Dishes and Hubris in the Kitchen

Last week, thanks to the confluence of The Month of Gubbi and Operation Expat Thanksgiving, I spent about 30 hours right here:

Okay yes, this was partially an excuse to show you the awesome “No Women” sign that my male boss got me when we were working in Saudi Arabia, which hangs - appropriately? ironically? you be the judge! - in our kitchen.

I’m not really allowed to complain about our kitchen, because it’s pretty nice as far as foreign kitchens go. Most importantly, we have a garbage disposal, and having a garbage disposal is EXTREMELY DREAMY AND RARE among flats in Dubai - or anywhere outside the US, in my experience. 

[Sidenote: so rare are garbage disposals outside the US that Alex, who grew up overseas, lives in a perpetual state of bemused fascination regarding this, his first garbage disposal ever. Every time I put something down it - even something mundane like an orange peel - he’ll be like “REALLY? You can put THAT down the disposal? Are you SURE?!” One time, he accidentally dropped a metal screw down the drain and was like, “WELL THAT’S IT, WE CAN NEVER USE THE SINK AGAIN, THIS TRANSGRESSION WILL UPSET LORD GARBAGE DISPOSAL” and then was really amazed when I matter-of-factly reached my fingers in and grabbed the screw out as though the disposal was not, in fact, a mercurial and ill-tempered god.]
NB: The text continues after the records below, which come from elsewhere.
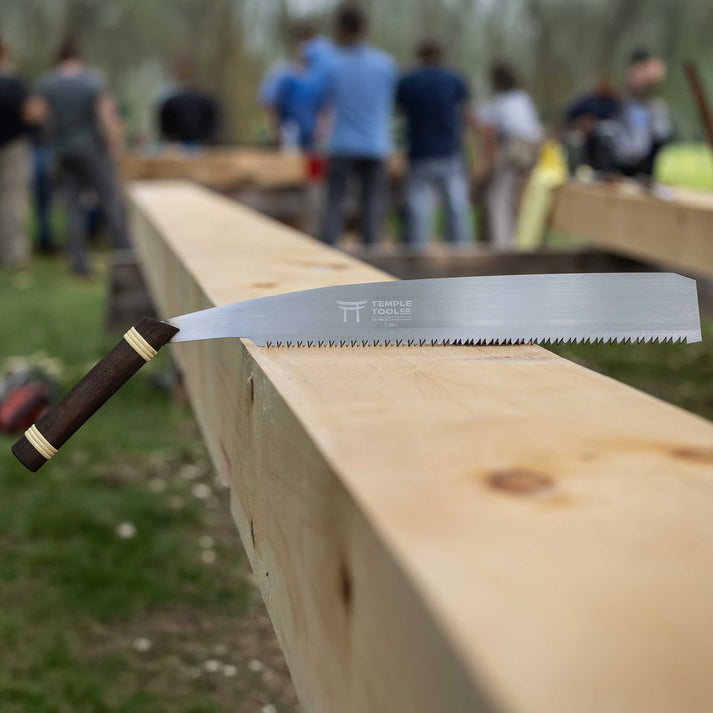 Temple Tool Co Timber Framing Pull Saw – Crosscut – 390 mm - Wood Tamer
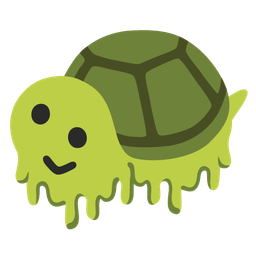 melting face and turtle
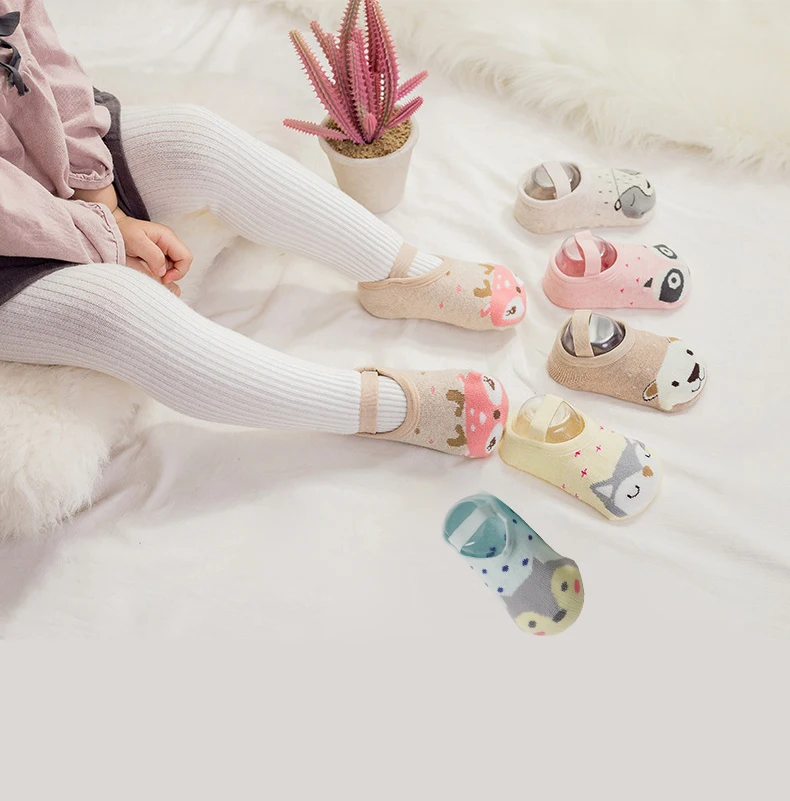 Baby Fashion Girls Boys Cute Shoe Foot Nylon Silk Tube Stockings World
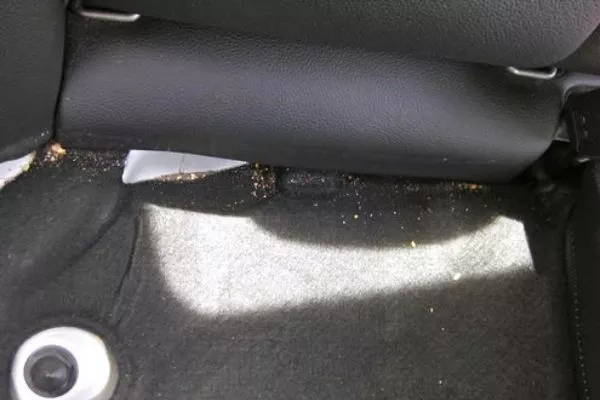Take this opportunity to rid your car's interior of all that accumulated dirt and gunk A picture of a dirty car interior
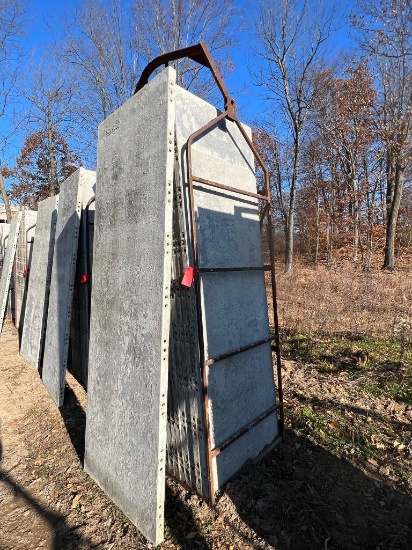 (16) 36" x 9' Western Aluminum Concrete Forms, Smooth, 6-12 Hole Pattern, with attached hardware,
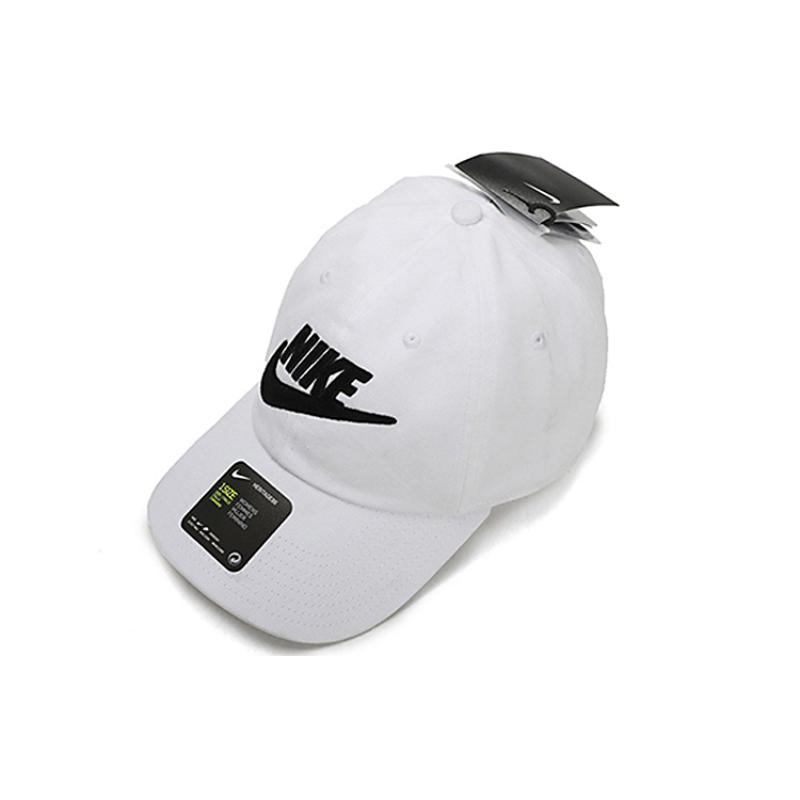

Nike Pro JDI Sportswear Heritage86 Strapback Adjustable Hat White Casual CQ9222-100 F белый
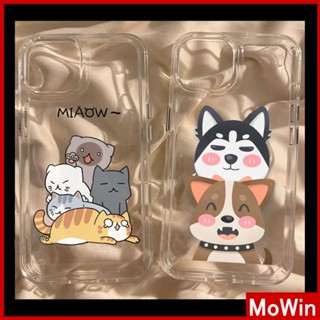 Mowin - เข้ากันได้สำหรับ เคสไอโฟน เคสไอโฟน11 เคส iphone 11 เคสนิ่ม TPU รูใหญ่ เคสโทรศัพท์อวกาศน่ารัก Cartoon หมาขาวตลกภาษาอังกฤษ ตัวป้องกันกล้องกันกระแทก Compatible with iPhone 14 13 12 Pro Max 11 XR XS 7 ซื้อทันที เพิ่มลงในรถเข็น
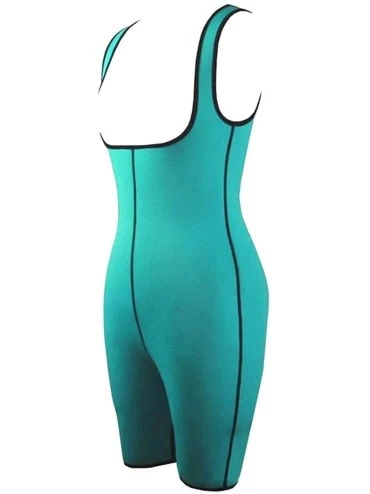Shapewear Women Fitness Corset Sport Body Shaper Vest Tummy Control Shapewear Trainer Workout Jumpsuit Bodysuit Green - Green...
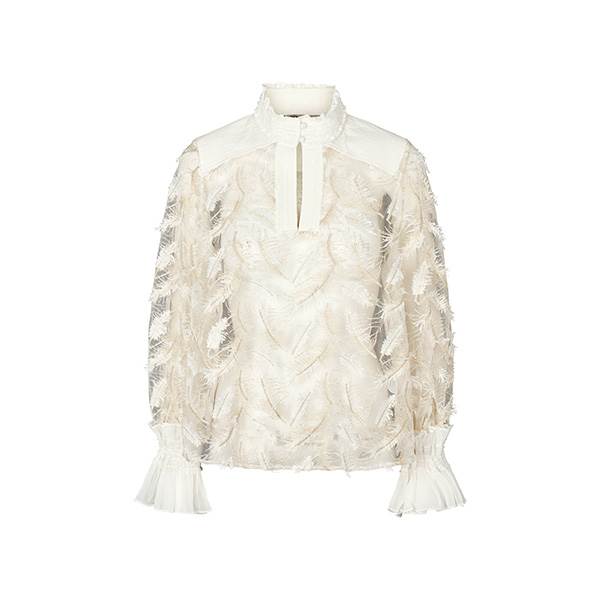 Elegant Starling Bluse fra PBO - Starlight i Hvid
The trade-off for having a garbage disposal is that we don’t have a dishwasher (I don’t know why this is a trade-off, but according to Dubai “logic” it’s a zero-sum game), meaning that five days after Thanksgiving, my counter tops still look like this:

Okay, fine, I’ve been a little lazy.

Anyhow! The point of all this is to say that I learned an important lesson about hubris last week in the final hours of preparing our Thanksgiving feast.

Flush with the success of my homemade giblet pan gravy for a crowd (seriously! I used the icky heart bits and everything!), and imbued with supreme confidence as Master of the Garbage Disposal, I threw the turkey neck down the disposal in my haste to get out the door to dinner while the gravy was hot.

The turkey neck. With all the, I don’t know, vertebrae bones. And cartilage. And flesh. And other… gross, tough, non-grindable turkey things.

Fast forward to 24 hours later, when I finally stumbled back into the kitchen after our late, celebratory night and discovered that not only had I completely blocked up both our sink drains and the disposal, but I had so royally effed the entire kitchen plumbing system that we had turkey juices gushing up through a grate in the floor every time we turned on the sink.

(No, I don’t know how that’s possible either… magic, probably. Dark magic.)

And so as I washed the first round of Thanksgiving dishes in my bathtub, I was reminded that in the kitchen, as anywhere else, pride goeth before a fall groundswell of day-old turkey juices.

  1. truel said: I want to like this, but it’s so sad! To have your giblet gravy making rewarded with giblet gross floor…ugh!
  2. cupofchi said: Yeah, we have none of these fancy things in Scotland. But, less things for me to break?